Bir yandan çetelerle mücadele için operasyonları genişleten Ekvador’da, Meksika Büyükelçiliği’ne silahlı güçlerce baskın düzenlendi.
Yolsuzlukla suçlanan ve başkent Kito’daki Meksika Büyükelçiliği’ne sığınan Ekvador’un eski başkan yardımcısı Jorge Glas’ı gözaltına almak için düzenlenen bu operasyon, iki ülke arasındaki diplomatik ilişkileri krize soktu.
Meksika Devlet Başkanı Andres Manuel Lopez Obrador, bu “diplomatik saldırının” hem uluslararası hukuku çiğnediğini hem de ülkesinin egemenliğini ihlal ettiğini söyledi ve karşı atağa geçti.
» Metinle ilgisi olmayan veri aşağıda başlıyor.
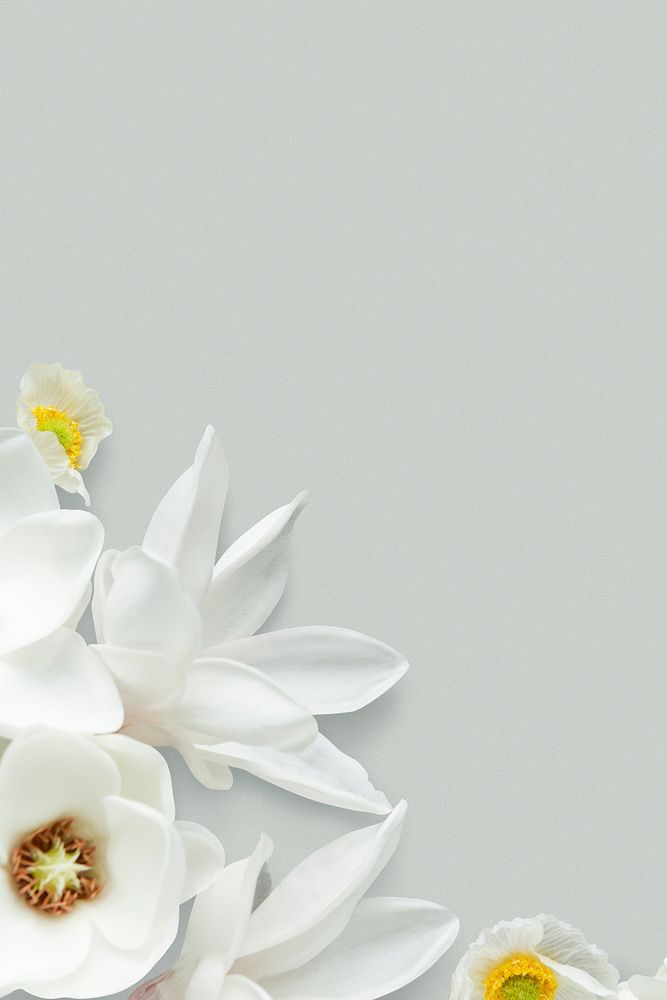 White magnolia pattern background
KOLOMBİYA YASAL KORUMA İSTEYECEK
Ekvador hükümetinin Başkanı Daniel Noboa, Glas’ın, hakkındaki yolsuzluk suçlamaları nedeniyle sığınma hakkına tabi olamayacağını söylese de uluslararası hukuka göre büyükelçilikler, temsil ettiği ülkelerin egemenliği altındaki topraklar olarak değerlendiriliyor.
Bu nedenle büyükelçilik baskınının uluslararası hukuku çiğnediğine vurgu yapılıyor.
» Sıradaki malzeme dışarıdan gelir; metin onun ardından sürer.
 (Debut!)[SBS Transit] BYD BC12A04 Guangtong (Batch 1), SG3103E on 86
Sonuç olarak Meksika, Ekvador ile diplomatik ilişkileri süresiz askıya aldı ve elçilik personeli ülkeye döndü. Ancak bu kriz iki ülke arasında kalmadı.
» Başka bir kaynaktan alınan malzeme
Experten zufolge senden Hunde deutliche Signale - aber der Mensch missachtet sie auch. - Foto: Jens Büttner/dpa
ABD ve Birleşmiş Milletlerin yanı sıra diğer bölge ülkeleri de tavırlarını belirten açıklamalar yaptı.
Solcu başkanların yönetimindeki Brezilya ve Kolombiya ile aşırı sağcıların liderliğindeki Arjantin ile Uruguay, sığınma talep eden Glas’ın tutuklanmasını sert şekilde eleştirdiler.
Hatta Kolombiya lideri Petro, bu baskını “barbarlık” olarak adlandırdı ve Glas için yasal koruma talep edeceğini belirtti.
Bolivya ise Ekvador büyükelçisini çağırdı.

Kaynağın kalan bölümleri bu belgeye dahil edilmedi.